-- DATA follows --

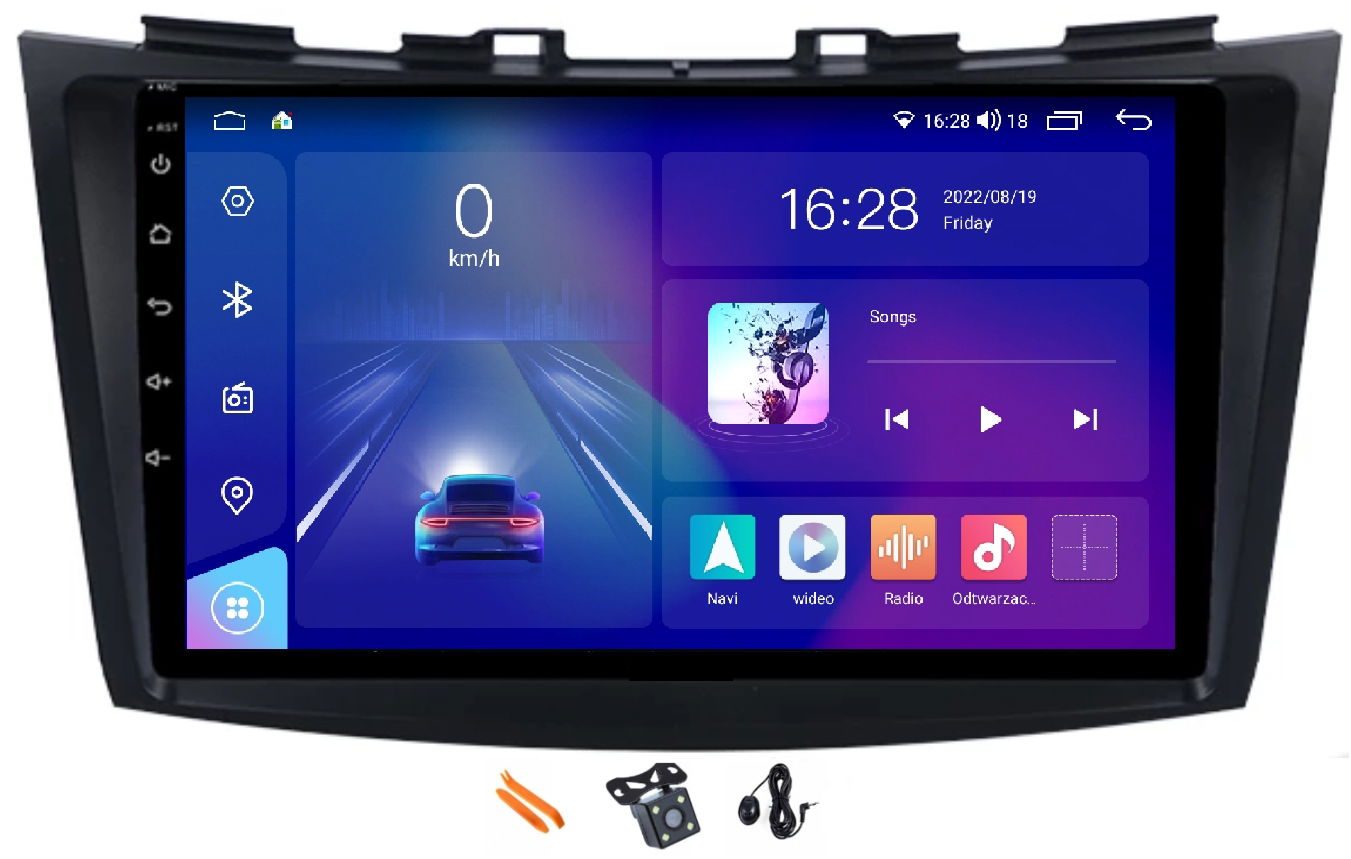 Autorádio Navigácia Gps Lte Dsp 128GB Suzuki Swift 5 10-17 Android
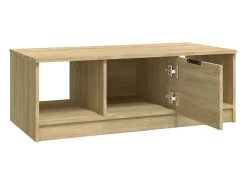 Mesa de centro madera de ingeniería roble Sonoma 102x50x36 cm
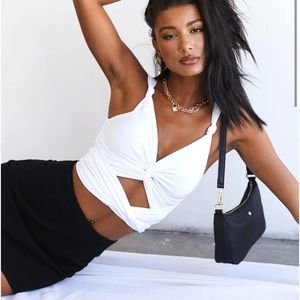 Lioness Crop White Top — Princess Polly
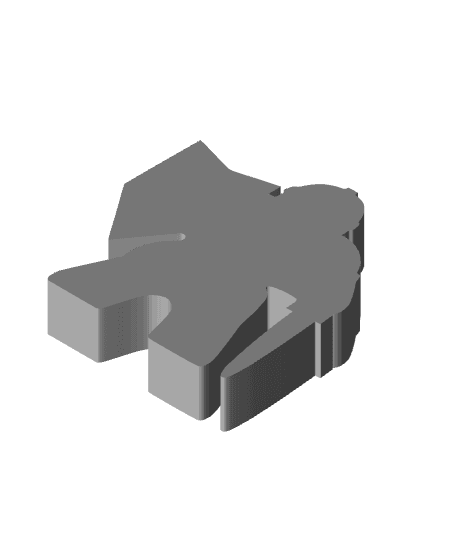 Fighter Meeple 3d model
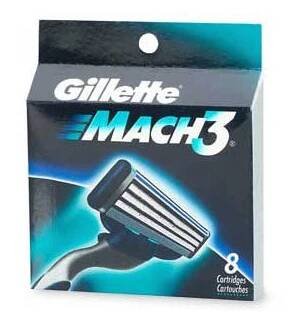 GILLETTE MACH3 Náhradní břity 8ks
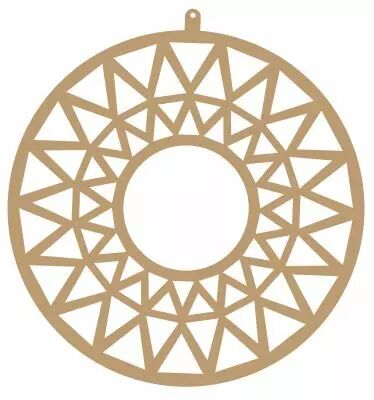COURONNE TRIANGLES A DECORER MDF 3 MM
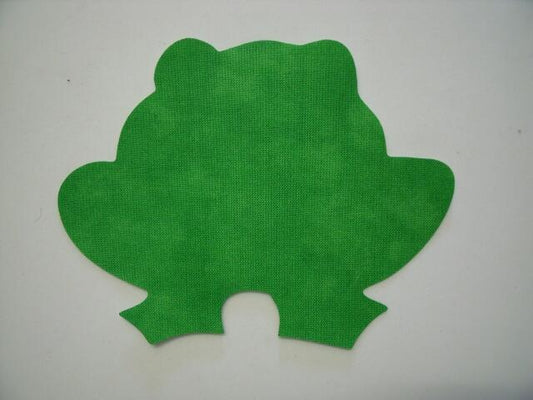 Halloween Frog Laser Cut Appliques (Size: 6"W, Color: Tonal - Green)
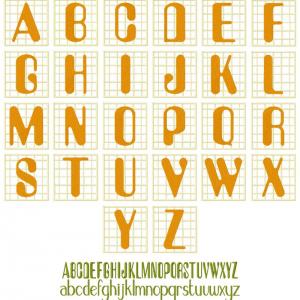 Gridded Font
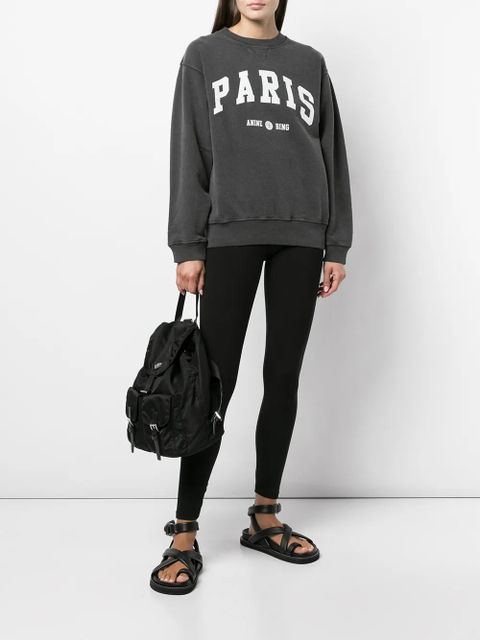 ANINE BING Ramona printed sweatshirt - Black - zdjęcie produktu nr 2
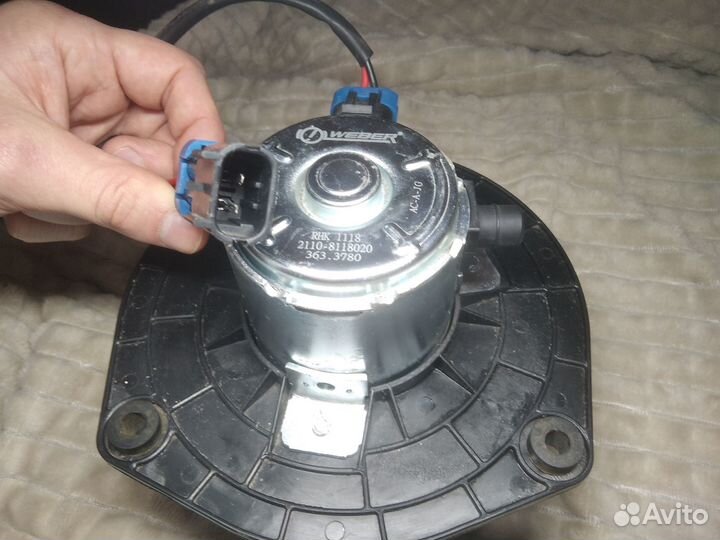 Weber электровентилятор отопителя на приору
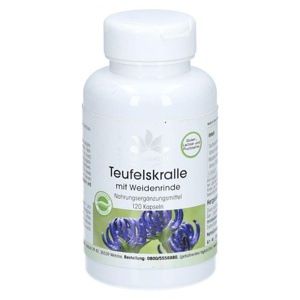HERBADIREKT Teufelskralle mit Weidenrinde 120 St Kapseln Produktbild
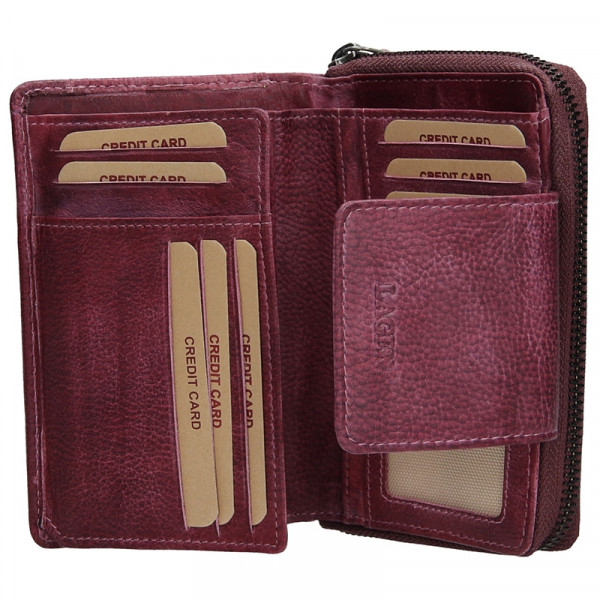 Dámská kožená peněženka Lagen Agáta - fialová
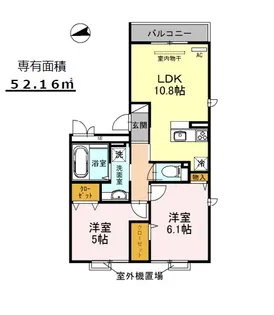 レジデンス平野【3階】の間取り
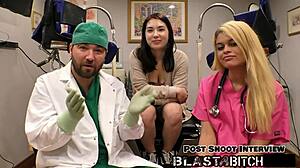 mina moon's asian ass blasted with cum backstage nurse pov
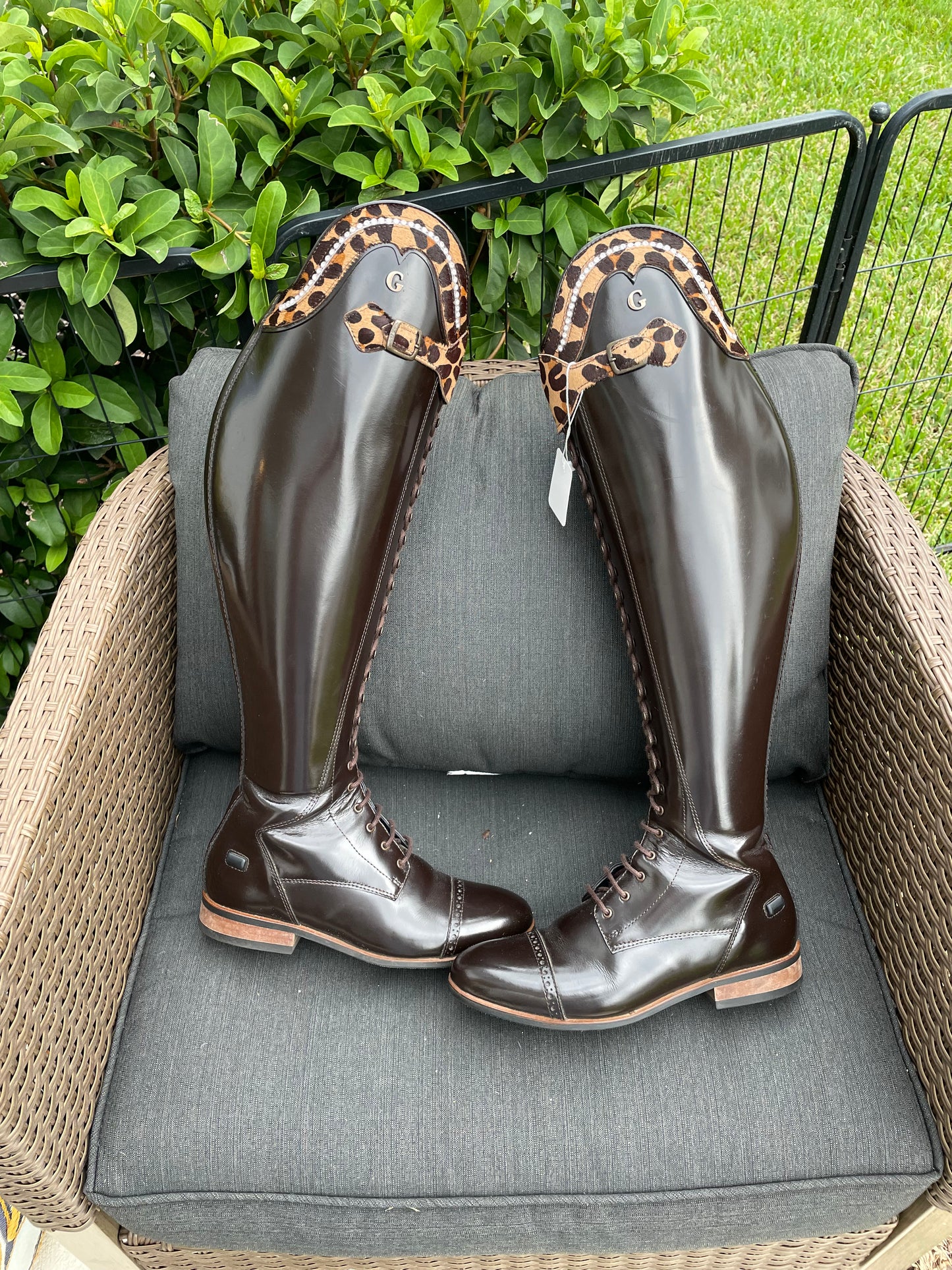 Gallors Laurel Brown Boots - 38/39 Foot / 40 Calf / 47 Height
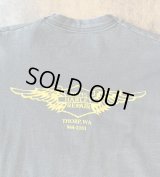 90'S BENS HARLEY REPAIR シングルステッチ 半袖 Tシャツ ブラック USA製 (VINTAGE)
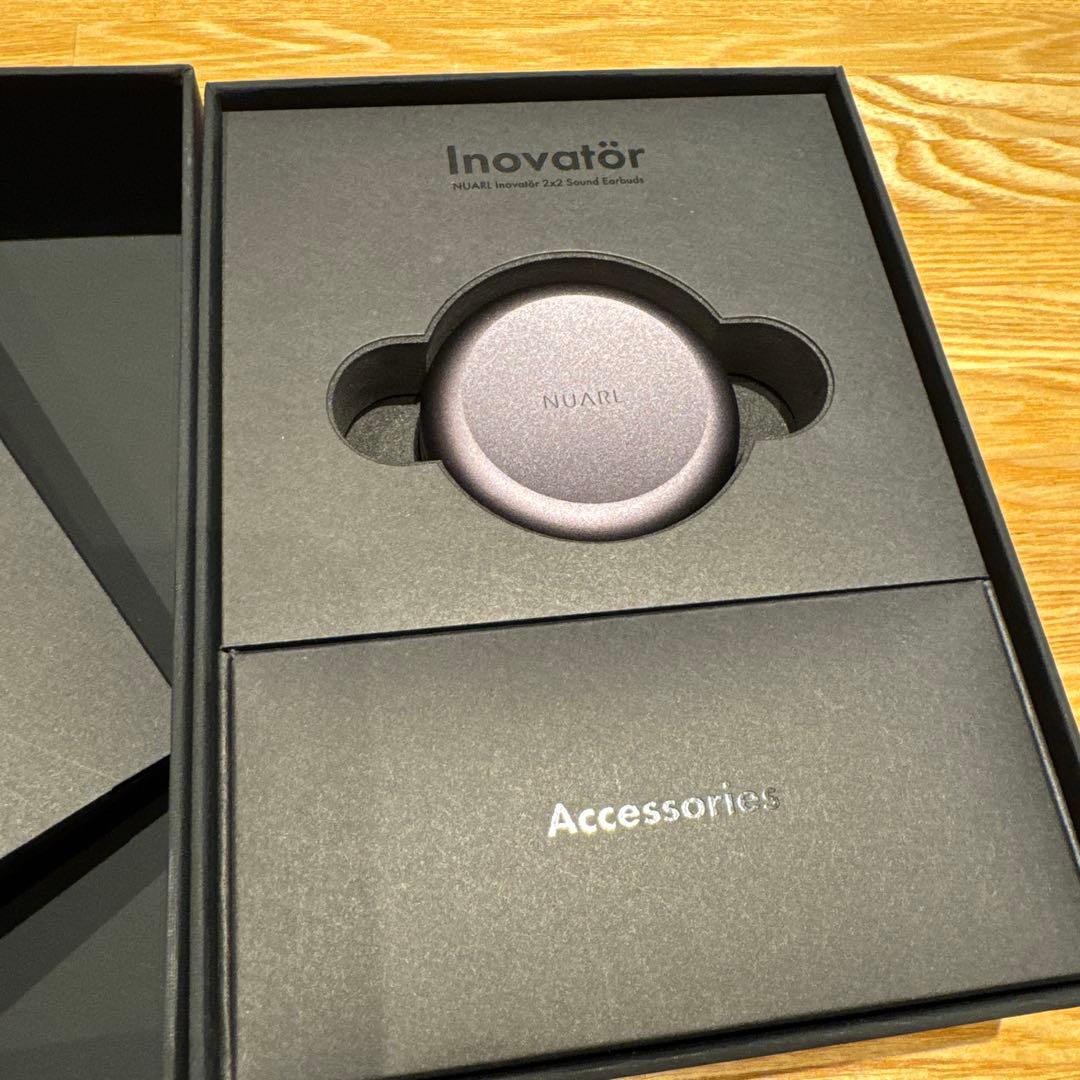 NUARL Inovator ワイヤレスイヤホン ブラック（フルセット）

-- DATA concluded --

Output the records above verbatim. Pictures stay out.

 Autorádio Navigácia Gps Lte Dsp 128GB Suzuki Swift 5 10-17 Android
 Mesa de centro madera de ingeniería roble Sonoma 102x50x36 cm
 Lioness Crop White Top — Princess Polly
 Fighter Meeple 3d model
 GILLETTE MACH3 Náhradní břity 8ks
COURONNE TRIANGLES A DECORER MDF 3 MM
 Halloween Frog Laser Cut Appliques (Size: 6"W, Color: Tonal - Green)
 Gridded Font
 ANINE BING Ramona printed sweatshirt - Black - zdjęcie produktu nr 2
 Weber электровентилятор отопителя на приору
HERBADIREKT Teufelskralle mit Weidenrinde 120 St Kapseln Produktbild
 Dámská kožená peněženka Lagen Agáta - fialová
 レジデンス平野【3階】の間取り
 mina moon's asian ass blasted with cum backstage nurse pov
 Gallors Laurel Brown Boots - 38/39 Foot / 40 Calf / 47 Height
 90'S BENS HARLEY REPAIR シングルステッチ 半袖 Tシャツ ブラック USA製 (VINTAGE)
 NUARL Inovator ワイヤレスイヤホン ブラック（フルセット）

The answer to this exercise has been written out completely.